Zniesienie ceł przez Izrael nie pomogło. "Jesteśmy w szoku"
Rząd Izraela dzień przed środową decyzją Donalda Trumpa anulował wszystkie cła na import produktów ze Stanów Zjednoczonych. Mimo to prezydent USA nałożył 17-proc. cła odwetowe. - Przemysł izraelski jest głęboko zaniepokojony decyzją Trumpa - stwierdził prezes Izraelskiego Stowarzyszenia Producentów.
Co musisz wiedzieć?
- Izrael zniósł cła na produkty z USA dzień przed decyzją Donalda Trumpa, mając nadzieję na uniknięcie nowych taryf.
- Stany Zjednoczone nałożyły 17 proc. cła na produkty z Izraela, co wywołało zaskoczenie i niepokój wśród izraelskich producentów.

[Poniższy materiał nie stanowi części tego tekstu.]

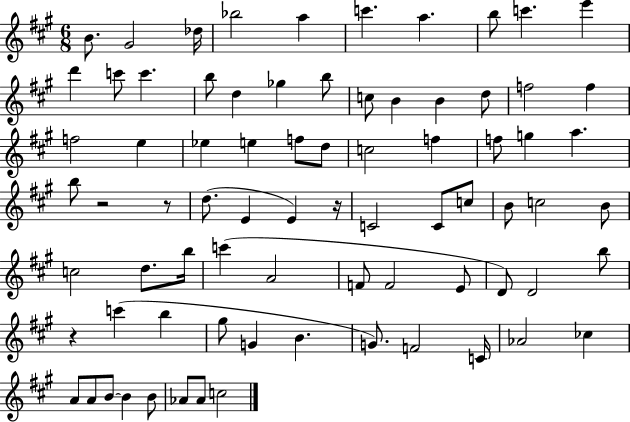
B4/e. G#4/h Db5/s Bb5/h A5/q C6/q. A5/q. B5/e C6/q. E6/q D6/q C6/e C6/q. B5/e D5/q Gb5/q B5/e C5/e B4/q B4/q D5/e F5/h F5/q F5/h E5/q Eb5/q E5/q F5/e D5/e C5/h F5/q F5/e G5/q A5/q. B5/e R/h R/e D5/e. E4/q E4/q R/s C4/h C4/e C5/e B4/e C5/h B4/e C5/h D5/e. B5/s C6/q A4/h F4/e F4/h E4/e D4/e D4/h B5/e R/q C6/q B5/q G#5/e G4/q B4/q. G4/e. F4/h C4/s Ab4/h CES5/q A4/e A4/e B4/e B4/q B4/e Ab4/e Ab4/e C5/h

- Decyzja USA jest związana z zarzutami o kradzież własności intelektualnej przez Izrael, zasugerował urzędnik administracji USA.
- Zniesienie ceł na towary amerykańskie to kolejny krok w kierunku otwarcia rynku na konkurencję, dywersyfikacji gospodarki i obniżenia kosztów utrzymania - mówił we wtorek premier Izraela Benjamin Netanjahu.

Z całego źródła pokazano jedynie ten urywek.